EXERCISE MATERIALS —

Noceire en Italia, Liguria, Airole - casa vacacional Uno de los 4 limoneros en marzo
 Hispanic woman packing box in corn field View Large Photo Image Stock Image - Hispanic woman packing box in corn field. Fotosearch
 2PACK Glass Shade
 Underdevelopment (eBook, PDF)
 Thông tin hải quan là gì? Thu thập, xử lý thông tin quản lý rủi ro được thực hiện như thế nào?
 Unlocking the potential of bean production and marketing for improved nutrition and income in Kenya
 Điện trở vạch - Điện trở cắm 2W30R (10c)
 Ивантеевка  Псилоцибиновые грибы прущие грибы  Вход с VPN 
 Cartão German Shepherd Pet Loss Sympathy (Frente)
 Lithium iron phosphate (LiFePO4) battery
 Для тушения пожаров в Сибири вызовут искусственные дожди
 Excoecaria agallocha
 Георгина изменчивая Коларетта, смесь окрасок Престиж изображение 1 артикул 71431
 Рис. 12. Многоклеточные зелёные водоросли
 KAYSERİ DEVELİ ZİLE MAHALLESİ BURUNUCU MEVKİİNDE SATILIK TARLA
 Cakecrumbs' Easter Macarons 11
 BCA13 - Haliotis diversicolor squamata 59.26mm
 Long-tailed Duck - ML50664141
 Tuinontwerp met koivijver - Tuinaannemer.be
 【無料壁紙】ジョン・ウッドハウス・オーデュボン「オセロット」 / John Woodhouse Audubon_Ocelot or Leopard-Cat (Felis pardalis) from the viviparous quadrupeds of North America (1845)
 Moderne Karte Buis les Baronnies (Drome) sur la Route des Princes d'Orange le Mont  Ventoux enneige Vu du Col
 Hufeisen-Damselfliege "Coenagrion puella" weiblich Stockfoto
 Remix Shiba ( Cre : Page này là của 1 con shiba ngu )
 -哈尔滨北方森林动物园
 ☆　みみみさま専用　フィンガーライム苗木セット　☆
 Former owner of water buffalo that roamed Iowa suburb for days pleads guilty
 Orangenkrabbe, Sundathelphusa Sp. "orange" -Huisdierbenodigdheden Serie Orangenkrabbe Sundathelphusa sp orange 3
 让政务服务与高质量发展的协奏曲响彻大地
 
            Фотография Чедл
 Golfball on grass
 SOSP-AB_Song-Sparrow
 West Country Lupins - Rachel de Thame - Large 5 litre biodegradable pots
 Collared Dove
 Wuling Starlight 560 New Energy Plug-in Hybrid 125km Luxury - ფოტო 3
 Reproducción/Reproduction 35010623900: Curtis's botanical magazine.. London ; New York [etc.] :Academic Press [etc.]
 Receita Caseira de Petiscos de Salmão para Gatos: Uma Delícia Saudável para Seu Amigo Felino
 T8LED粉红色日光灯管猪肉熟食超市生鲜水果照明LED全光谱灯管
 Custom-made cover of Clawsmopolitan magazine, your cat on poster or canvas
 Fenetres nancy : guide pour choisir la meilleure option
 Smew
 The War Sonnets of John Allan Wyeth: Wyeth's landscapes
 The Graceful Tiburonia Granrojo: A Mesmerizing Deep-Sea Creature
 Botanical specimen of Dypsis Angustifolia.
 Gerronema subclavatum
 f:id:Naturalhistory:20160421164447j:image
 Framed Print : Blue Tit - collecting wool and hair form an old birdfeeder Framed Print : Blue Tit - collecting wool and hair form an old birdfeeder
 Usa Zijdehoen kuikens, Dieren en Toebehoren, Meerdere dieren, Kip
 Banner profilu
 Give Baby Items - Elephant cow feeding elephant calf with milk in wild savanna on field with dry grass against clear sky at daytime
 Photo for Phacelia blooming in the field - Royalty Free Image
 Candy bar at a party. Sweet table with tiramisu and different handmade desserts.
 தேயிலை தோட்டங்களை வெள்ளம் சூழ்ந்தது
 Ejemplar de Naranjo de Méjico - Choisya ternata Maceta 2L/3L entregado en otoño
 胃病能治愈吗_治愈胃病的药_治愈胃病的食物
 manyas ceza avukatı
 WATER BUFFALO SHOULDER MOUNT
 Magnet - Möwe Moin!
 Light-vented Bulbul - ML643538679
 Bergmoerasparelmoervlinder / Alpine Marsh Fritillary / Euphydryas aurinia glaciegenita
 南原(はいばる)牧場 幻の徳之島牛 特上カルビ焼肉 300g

TASK STATEMENT — Once you find the line with "Tuinontwerp met koivijver - Tuinaannemer.be" above, print it and every line after it up to and including the line with "Former owner of", exactly as written and nothing else.

SOLUTION —
 Tuinontwerp met koivijver - Tuinaannemer.be
 【無料壁紙】ジョン・ウッドハウス・オーデュボン「オセロット」 / John Woodhouse Audubon_Ocelot or Leopard-Cat (Felis pardalis) from the viviparous quadrupeds of North America (1845)
 Moderne Karte Buis les Baronnies (Drome) sur la Route des Princes d'Orange le Mont  Ventoux enneige Vu du Col
 Hufeisen-Damselfliege "Coenagrion puella" weiblich Stockfoto
 Remix Shiba ( Cre : Page này là của 1 con shiba ngu )
 -哈尔滨北方森林动物园
 ☆　みみみさま専用　フィンガーライム苗木セット　☆
 Former owner of water buffalo that roamed Iowa suburb for days pleads guilty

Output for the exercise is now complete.